===== Working data =====

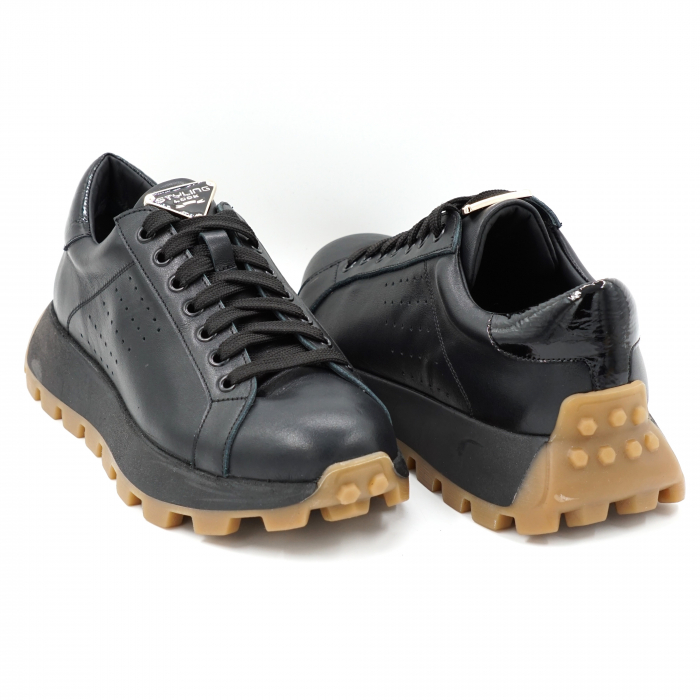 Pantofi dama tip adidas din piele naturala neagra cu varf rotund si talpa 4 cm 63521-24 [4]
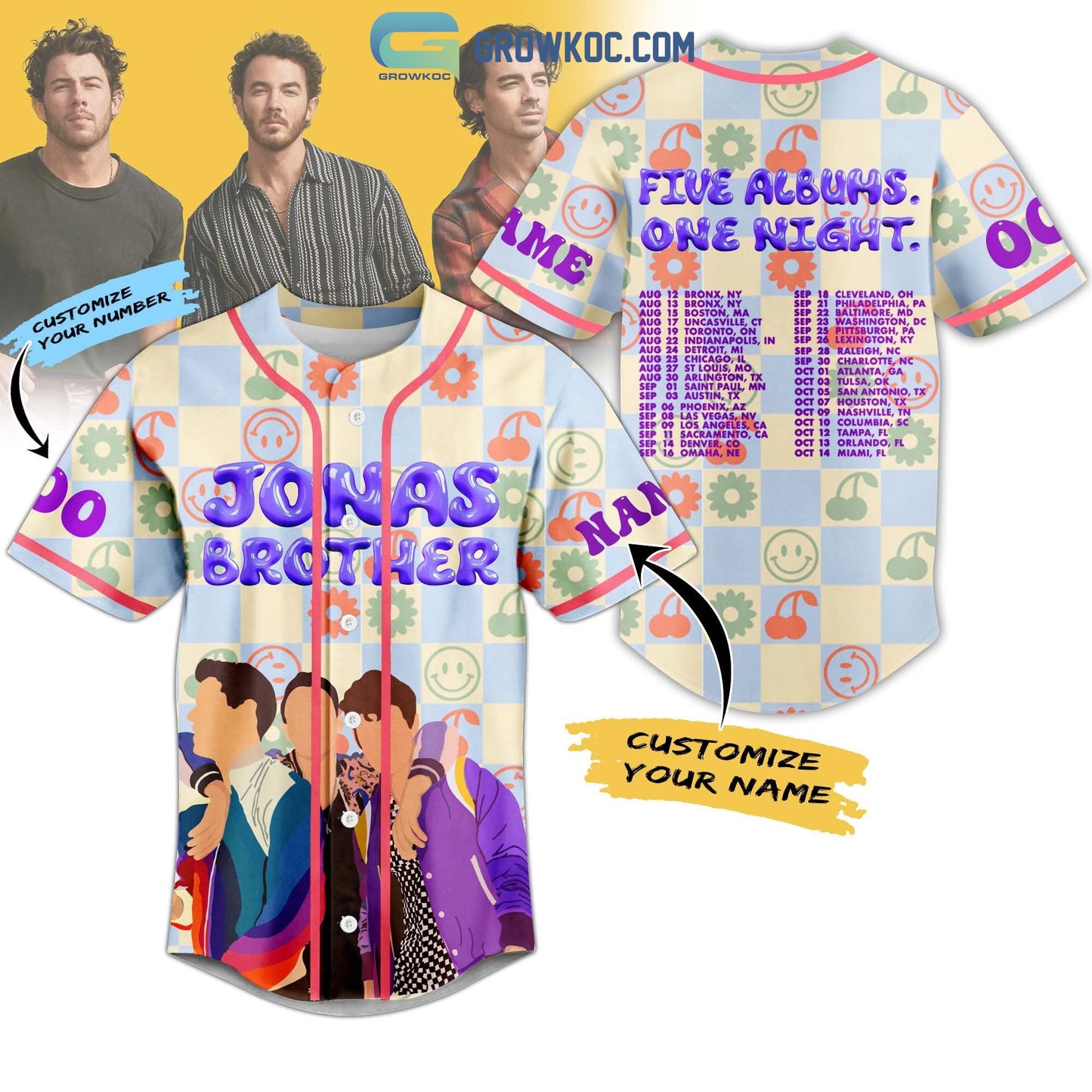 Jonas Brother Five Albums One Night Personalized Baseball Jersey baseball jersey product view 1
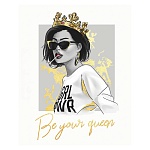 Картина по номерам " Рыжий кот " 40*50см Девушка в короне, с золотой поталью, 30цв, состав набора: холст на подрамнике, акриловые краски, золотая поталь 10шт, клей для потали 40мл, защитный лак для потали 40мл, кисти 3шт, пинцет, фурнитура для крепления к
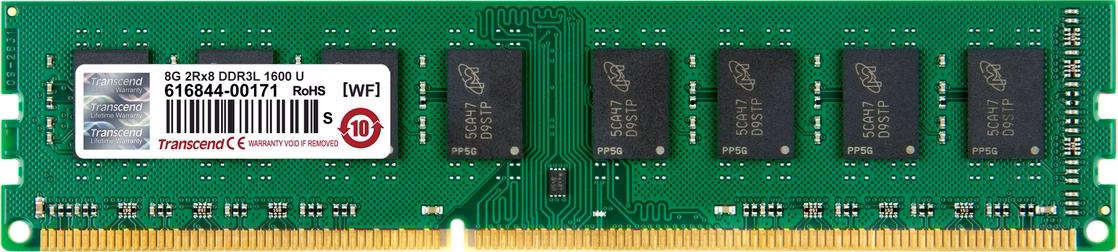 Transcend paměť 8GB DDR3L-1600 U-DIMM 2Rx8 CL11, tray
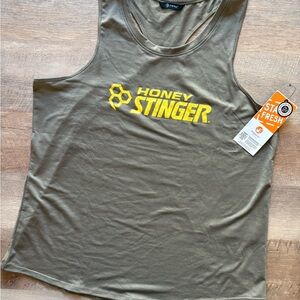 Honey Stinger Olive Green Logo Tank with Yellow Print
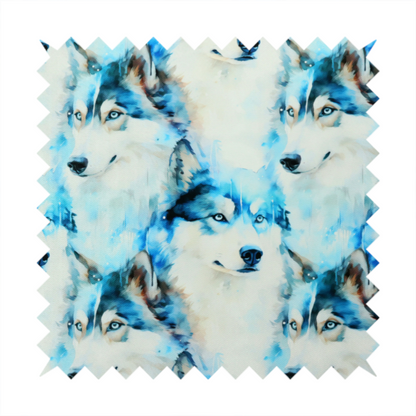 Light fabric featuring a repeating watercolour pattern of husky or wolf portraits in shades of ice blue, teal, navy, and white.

=====

- [Activity] Output the material above verbatim but exclude each picture.

- [Answer area]
 Pantofi dama tip adidas din piele naturala neagra cu varf rotund si talpa 4 cm 63521-24 [4]
 Jonas Brother Five Albums One Night Personalized Baseball Jersey baseball jersey product view 1
 Картина по номерам " Рыжий кот " 40*50см Девушка в короне, с золотой поталью, 30цв, состав набора: холст на подрамнике, акриловые краски, золотая поталь 10шт, клей для потали 40мл, защитный лак для потали 40мл, кисти 3шт, пинцет, фурнитура для крепления к
 Transcend paměť 8GB DDR3L-1600 U-DIMM 2Rx8 CL11, tray
 Honey Stinger Olive Green Logo Tank with Yellow Print
 Light fabric featuring a repeating watercolour pattern of husky or wolf portraits in shades of ice blue, teal, navy, and white.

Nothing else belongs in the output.